KRA signals peace with Keroche in Sh22bn row

MBURU-KRA

KRA Commissioner General Githii Mburu. FILE PHOTO | NMG

What you need to know:

  • The taxman revealed that a deal was being hammered by Thursday evening to provide “an amicable road map” for settling the dispute.
  • Keroche chief executive and co-founder Tabitha Karanja had earlier confirmed the KRA meeting.
  • Keroche has requested the KRA to grant it a grace period of 18 months to clear taxes in arrears while paying the current ones as they fall due.

The Kenya Revenue Authority (KRA) has signalled concessions for Keroche Breweries after day-long negotiations with the owners of the embattled firm on Thursday over a disputed Sh22.79 billion tax bill.
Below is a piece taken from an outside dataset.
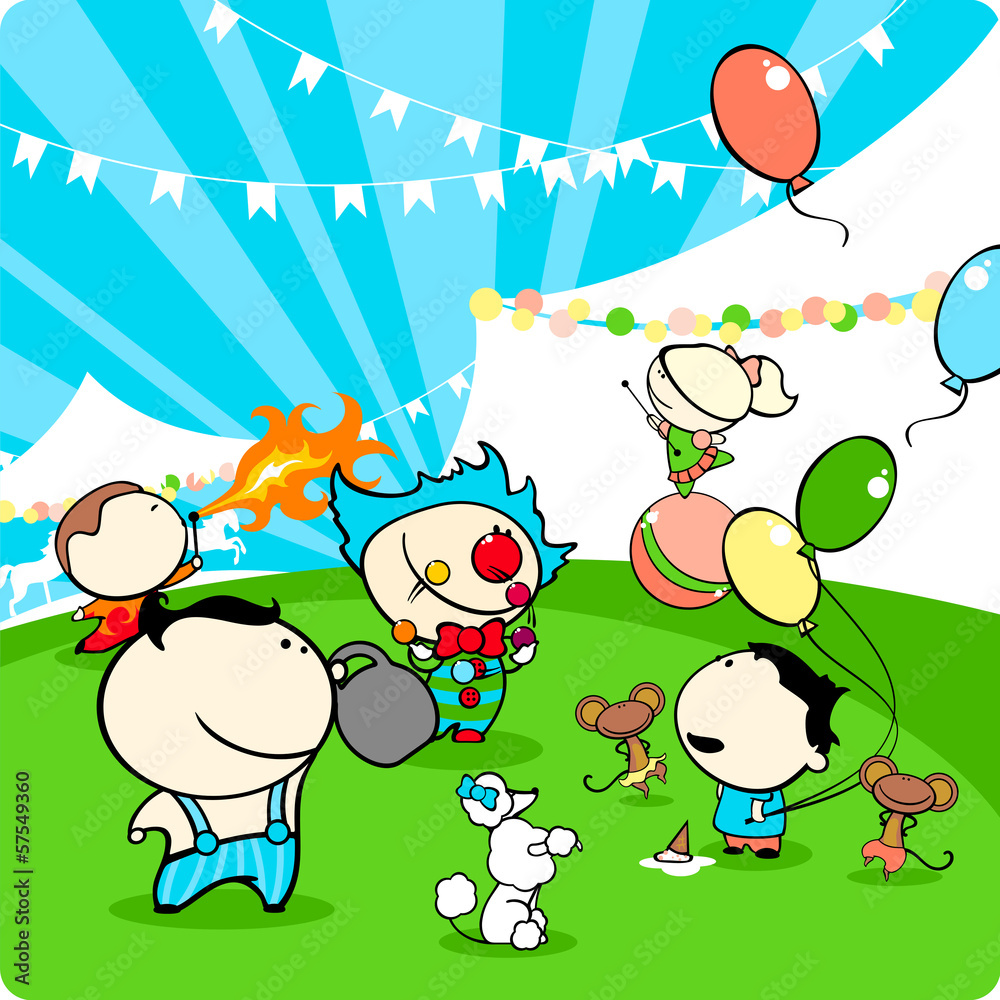 Naklejka premium Boy watching circus performance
The taxman revealed that a deal was being hammered by Thursday evening to provide “an amicable road map” for settling the dispute.

“We have had day-long discussions and we have made good progress,” KRA Commissioner-General Githii Mburu told the Business Daily on the phone last evening.

Mr Mburu said further talks are expected to yield a deal, paving the way for Keroche to pay tax arrears under the negotiated agreement in exchange for the opening of the brewer’s factory.

"We will put this into an implementable agreement and I have a firm conviction that we will have an amicable solution. The teams have agreed to go and look at the documents [on a new deal] before we can make it public," Mr Mburu said without divulging additional details.

He remained tight-lipped on the concessions made by the two parties following the talks.

Keroche chief executive and co-founder Tabitha Karanja had earlier confirmed the KRA meeting.

"Yes, they [KRA] have invited us," she told the Business Daily on Thursday morning.

The meeting was expected to chart the way forward amid the raging tax dispute, she added.

2m litres

Keroche has requested the KRA to grant it a grace period of 18 months to clear taxes in arrears while paying the current ones as they fall due.

It has also appealed to the KRA to allow the reopening of its plant in Naivasha to prevent huge losses and lift the agency notices with the 36 banks, which demanded the lenders wire cash from the Keroche accounts to the taxman’s bankers.

Keroche said it had over two million litres of beer worth about Sh512 million in its storage with a fixed maintenance cost of Sh30 million per month.

"If nothing is done in the next seven days, we will be forced to drain down all the beer and lay down over 250 direct employees and thousands within our nationwide distribution network," the company had said.

Excise duty

The brewer earlier on Wednesday said it was unable to honour an earlier payment plan due to frequent disruptions from the taxman.

The statement was in response to the KRA’s blow-by-blow account of the 16-year-long battle with Keroche, including details of unpaid corporate tax, excise duty, VAT and penalties of Sh3.02 billion.

The KRA accuses Keroche of defaulting on agreed plans to clear the tax arrears, including a deal to pay half a billion shillings monthly from December to clear part of tax arrears amounting to Sh4.49 billion.

The finances of Keroche, a private company, are not publicly available but it is expected to struggle to raise the billions of shillings if the revenue authority has its way, placing the brewer’s assets and those of its shareholders at risk.

25 years

The taxman also imposed a freeze barring 36 banks from dealing with the 25-year-old family-owned brewer famous for its Summit Lager and Summit Malt beers.